■ **How to complete this task**
Where the line with "Toyota Land Cruiser" appears below, start writing out lines exactly, and finish with the line with "2000-2017 BMW 325i", which is included; write out nothing else.
Segment Start: Records for the task
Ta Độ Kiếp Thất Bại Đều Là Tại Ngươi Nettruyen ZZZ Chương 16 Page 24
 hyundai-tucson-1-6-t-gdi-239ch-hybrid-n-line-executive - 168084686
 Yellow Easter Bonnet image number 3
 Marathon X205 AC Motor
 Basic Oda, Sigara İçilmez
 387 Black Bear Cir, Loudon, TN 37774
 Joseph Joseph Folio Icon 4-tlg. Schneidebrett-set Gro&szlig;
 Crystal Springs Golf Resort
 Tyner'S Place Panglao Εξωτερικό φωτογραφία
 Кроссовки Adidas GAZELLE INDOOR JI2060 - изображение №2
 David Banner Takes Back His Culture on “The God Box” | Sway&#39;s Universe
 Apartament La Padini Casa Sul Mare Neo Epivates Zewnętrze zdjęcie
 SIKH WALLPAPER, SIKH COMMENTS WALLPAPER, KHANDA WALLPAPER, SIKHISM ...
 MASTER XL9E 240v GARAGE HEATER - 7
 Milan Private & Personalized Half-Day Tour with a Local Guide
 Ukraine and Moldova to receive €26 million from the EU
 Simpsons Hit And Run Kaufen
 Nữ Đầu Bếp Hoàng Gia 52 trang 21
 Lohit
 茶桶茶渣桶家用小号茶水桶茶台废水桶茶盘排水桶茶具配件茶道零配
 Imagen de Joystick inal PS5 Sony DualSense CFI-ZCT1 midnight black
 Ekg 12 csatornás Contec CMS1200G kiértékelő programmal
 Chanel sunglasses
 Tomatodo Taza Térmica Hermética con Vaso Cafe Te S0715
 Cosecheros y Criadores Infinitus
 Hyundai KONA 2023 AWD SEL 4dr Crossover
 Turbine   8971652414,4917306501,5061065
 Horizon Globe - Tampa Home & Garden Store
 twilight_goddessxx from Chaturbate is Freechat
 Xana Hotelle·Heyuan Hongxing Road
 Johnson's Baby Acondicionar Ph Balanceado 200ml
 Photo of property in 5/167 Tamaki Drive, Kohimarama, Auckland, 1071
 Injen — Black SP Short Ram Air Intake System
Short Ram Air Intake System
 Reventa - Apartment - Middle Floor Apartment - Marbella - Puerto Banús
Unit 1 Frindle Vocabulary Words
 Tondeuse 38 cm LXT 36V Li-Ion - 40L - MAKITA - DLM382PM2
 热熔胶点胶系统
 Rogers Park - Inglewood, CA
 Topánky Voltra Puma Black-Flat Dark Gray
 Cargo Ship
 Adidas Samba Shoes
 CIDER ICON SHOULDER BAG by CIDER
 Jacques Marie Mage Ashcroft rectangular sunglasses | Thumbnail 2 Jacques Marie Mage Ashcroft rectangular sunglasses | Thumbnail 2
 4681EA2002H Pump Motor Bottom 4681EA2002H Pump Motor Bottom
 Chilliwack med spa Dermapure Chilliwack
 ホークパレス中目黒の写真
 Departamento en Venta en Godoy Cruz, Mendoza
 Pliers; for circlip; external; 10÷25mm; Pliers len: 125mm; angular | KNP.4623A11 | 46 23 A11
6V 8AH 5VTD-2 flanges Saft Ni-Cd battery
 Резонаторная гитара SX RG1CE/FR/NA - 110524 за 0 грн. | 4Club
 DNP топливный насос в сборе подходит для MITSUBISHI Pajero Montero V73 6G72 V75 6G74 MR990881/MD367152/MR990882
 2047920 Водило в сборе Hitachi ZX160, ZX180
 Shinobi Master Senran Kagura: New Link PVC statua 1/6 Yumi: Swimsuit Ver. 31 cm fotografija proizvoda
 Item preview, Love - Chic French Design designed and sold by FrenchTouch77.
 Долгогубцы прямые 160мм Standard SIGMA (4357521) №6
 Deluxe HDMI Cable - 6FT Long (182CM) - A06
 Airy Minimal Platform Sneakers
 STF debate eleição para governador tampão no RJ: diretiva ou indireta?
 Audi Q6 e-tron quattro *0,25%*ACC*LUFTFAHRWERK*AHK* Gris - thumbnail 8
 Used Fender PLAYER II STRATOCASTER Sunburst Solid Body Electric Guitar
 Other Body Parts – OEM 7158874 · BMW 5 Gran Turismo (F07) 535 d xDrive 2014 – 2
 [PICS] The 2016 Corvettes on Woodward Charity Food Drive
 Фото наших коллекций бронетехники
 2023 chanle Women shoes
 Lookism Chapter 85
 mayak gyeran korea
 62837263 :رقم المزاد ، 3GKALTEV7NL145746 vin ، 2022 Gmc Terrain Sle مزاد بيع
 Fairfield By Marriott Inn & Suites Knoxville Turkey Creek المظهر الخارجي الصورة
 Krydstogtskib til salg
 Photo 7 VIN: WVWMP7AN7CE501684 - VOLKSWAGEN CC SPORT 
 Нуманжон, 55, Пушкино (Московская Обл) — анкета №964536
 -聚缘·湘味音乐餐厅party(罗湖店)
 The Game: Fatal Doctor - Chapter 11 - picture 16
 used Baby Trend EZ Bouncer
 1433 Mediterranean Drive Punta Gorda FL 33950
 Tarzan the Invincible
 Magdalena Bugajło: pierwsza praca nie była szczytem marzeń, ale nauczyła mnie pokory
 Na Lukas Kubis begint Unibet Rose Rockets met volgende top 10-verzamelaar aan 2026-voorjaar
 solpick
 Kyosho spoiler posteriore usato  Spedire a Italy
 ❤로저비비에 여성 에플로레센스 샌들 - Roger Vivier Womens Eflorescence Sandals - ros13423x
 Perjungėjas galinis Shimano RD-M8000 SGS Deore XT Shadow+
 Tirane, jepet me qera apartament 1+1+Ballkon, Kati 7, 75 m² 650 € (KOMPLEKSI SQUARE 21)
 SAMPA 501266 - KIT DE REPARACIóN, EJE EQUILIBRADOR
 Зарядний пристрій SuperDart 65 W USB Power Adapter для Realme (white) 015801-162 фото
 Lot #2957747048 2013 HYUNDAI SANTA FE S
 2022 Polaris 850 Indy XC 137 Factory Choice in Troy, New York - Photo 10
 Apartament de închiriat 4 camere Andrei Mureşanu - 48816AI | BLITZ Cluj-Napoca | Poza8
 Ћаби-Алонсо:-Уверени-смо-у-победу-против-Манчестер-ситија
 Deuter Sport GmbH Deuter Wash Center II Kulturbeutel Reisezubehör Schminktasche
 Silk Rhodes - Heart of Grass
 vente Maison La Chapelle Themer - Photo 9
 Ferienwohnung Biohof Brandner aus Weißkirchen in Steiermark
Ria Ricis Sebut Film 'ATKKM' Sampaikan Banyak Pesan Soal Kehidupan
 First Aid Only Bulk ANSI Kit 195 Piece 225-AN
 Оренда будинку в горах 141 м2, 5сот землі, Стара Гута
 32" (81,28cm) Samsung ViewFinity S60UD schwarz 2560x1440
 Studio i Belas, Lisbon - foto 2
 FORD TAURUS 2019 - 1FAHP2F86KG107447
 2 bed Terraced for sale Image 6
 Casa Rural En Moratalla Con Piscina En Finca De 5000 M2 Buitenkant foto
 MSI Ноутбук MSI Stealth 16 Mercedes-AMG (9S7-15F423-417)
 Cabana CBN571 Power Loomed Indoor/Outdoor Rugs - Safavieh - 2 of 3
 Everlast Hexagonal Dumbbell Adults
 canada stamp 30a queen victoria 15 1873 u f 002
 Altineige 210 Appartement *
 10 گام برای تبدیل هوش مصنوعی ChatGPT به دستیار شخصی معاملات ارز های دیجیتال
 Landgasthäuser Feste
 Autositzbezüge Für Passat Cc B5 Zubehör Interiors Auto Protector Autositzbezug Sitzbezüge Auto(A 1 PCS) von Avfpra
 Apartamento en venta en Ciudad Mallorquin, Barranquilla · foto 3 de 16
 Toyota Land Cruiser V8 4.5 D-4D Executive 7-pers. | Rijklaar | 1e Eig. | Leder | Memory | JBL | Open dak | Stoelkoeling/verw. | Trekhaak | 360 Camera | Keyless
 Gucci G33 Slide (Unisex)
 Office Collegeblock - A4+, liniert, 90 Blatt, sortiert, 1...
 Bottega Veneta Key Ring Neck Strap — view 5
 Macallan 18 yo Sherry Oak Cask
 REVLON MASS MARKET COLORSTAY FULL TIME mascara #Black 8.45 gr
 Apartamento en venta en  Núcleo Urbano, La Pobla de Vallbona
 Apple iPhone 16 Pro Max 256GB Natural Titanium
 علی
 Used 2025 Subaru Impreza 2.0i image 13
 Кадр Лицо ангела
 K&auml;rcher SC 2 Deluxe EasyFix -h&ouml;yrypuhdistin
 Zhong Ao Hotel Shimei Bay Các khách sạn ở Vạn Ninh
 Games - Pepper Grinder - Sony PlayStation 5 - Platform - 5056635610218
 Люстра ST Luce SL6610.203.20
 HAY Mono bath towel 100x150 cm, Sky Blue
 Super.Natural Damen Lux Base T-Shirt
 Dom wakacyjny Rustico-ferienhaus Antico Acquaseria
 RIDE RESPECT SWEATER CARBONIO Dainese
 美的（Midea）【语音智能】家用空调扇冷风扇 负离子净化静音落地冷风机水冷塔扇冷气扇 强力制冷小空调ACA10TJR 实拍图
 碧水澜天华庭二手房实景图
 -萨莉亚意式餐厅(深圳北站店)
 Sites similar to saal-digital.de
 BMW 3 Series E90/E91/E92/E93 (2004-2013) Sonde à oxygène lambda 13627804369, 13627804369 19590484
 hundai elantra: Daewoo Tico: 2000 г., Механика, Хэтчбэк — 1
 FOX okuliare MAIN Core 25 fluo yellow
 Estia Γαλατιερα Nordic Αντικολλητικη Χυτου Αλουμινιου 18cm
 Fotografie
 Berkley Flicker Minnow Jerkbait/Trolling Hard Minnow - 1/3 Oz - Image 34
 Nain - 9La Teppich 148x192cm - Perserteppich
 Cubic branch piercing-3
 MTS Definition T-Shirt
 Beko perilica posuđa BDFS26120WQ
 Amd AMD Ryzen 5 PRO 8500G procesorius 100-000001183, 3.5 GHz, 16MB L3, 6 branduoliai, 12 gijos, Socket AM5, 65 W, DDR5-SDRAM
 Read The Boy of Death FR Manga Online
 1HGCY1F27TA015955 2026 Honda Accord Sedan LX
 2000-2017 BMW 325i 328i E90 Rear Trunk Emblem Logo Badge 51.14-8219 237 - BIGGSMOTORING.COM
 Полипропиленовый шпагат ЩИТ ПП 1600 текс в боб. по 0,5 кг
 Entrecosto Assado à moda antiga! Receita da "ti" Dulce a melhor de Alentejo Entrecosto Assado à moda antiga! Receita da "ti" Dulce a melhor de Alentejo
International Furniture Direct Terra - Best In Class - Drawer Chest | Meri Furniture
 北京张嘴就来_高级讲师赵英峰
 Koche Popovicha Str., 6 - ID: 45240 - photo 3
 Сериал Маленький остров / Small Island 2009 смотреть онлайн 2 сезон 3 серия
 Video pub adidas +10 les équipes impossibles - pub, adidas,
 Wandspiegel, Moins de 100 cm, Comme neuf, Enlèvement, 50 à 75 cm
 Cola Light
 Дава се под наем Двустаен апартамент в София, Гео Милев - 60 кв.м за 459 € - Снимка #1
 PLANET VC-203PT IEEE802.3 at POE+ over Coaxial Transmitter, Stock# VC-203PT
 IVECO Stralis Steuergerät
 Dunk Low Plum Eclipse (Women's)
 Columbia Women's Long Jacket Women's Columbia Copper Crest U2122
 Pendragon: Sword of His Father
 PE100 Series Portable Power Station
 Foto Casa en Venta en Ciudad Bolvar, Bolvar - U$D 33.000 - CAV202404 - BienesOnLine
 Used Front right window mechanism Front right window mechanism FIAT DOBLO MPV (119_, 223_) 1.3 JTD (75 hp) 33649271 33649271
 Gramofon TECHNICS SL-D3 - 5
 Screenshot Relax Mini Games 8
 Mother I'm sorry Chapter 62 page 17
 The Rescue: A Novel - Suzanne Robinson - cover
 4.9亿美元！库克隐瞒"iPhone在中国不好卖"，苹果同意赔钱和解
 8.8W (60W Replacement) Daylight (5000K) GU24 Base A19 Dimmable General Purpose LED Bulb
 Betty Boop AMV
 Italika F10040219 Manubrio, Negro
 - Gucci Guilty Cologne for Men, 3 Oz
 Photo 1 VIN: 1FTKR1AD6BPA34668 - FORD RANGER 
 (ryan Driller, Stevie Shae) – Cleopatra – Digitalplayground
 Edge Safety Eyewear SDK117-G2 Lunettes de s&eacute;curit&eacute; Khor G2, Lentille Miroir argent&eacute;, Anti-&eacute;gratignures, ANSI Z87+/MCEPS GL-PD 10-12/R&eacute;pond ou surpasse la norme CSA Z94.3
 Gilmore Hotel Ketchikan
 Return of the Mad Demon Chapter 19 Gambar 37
Segment End: Records for the task
■ **Your solution**
 Toyota Land Cruiser V8 4.5 D-4D Executive 7-pers. | Rijklaar | 1e Eig. | Leder | Memory | JBL | Open dak | Stoelkoeling/verw. | Trekhaak | 360 Camera | Keyless
 Gucci G33 Slide (Unisex)
 Office Collegeblock - A4+, liniert, 90 Blatt, sortiert, 1...
 Bottega Veneta Key Ring Neck Strap — view 5
 Macallan 18 yo Sherry Oak Cask
 REVLON MASS MARKET COLORSTAY FULL TIME mascara #Black 8.45 gr
 Apartamento en venta en  Núcleo Urbano, La Pobla de Vallbona
 Apple iPhone 16 Pro Max 256GB Natural Titanium
 علی
 Used 2025 Subaru Impreza 2.0i image 13
 Кадр Лицо ангела
 K&auml;rcher SC 2 Deluxe EasyFix -h&ouml;yrypuhdistin
 Zhong Ao Hotel Shimei Bay Các khách sạn ở Vạn Ninh
 Games - Pepper Grinder - Sony PlayStation 5 - Platform - 5056635610218
 Люстра ST Luce SL6610.203.20
 HAY Mono bath towel 100x150 cm, Sky Blue
 Super.Natural Damen Lux Base T-Shirt
 Dom wakacyjny Rustico-ferienhaus Antico Acquaseria
 RIDE RESPECT SWEATER CARBONIO Dainese
 美的（Midea）【语音智能】家用空调扇冷风扇 负离子净化静音落地冷风机水冷塔扇冷气扇 强力制冷小空调ACA10TJR 实拍图
 碧水澜天华庭二手房实景图
 -萨莉亚意式餐厅(深圳北站店)
 Sites similar to saal-digital.de
 BMW 3 Series E90/E91/E92/E93 (2004-2013) Sonde à oxygène lambda 13627804369, 13627804369 19590484
 hundai elantra: Daewoo Tico: 2000 г., Механика, Хэтчбэк — 1
 FOX okuliare MAIN Core 25 fluo yellow
 Estia Γαλατιερα Nordic Αντικολλητικη Χυτου Αλουμινιου 18cm
 Fotografie
 Berkley Flicker Minnow Jerkbait/Trolling Hard Minnow - 1/3 Oz - Image 34
 Nain - 9La Teppich 148x192cm - Perserteppich
 Cubic branch piercing-3
 MTS Definition T-Shirt
 Beko perilica posuđa BDFS26120WQ
 Amd AMD Ryzen 5 PRO 8500G procesorius 100-000001183, 3.5 GHz, 16MB L3, 6 branduoliai, 12 gijos, Socket AM5, 65 W, DDR5-SDRAM
 Read The Boy of Death FR Manga Online
 1HGCY1F27TA015955 2026 Honda Accord Sedan LX
 2000-2017 BMW 325i 328i E90 Rear Trunk Emblem Logo Badge 51.14-8219 237 - BIGGSMOTORING.COM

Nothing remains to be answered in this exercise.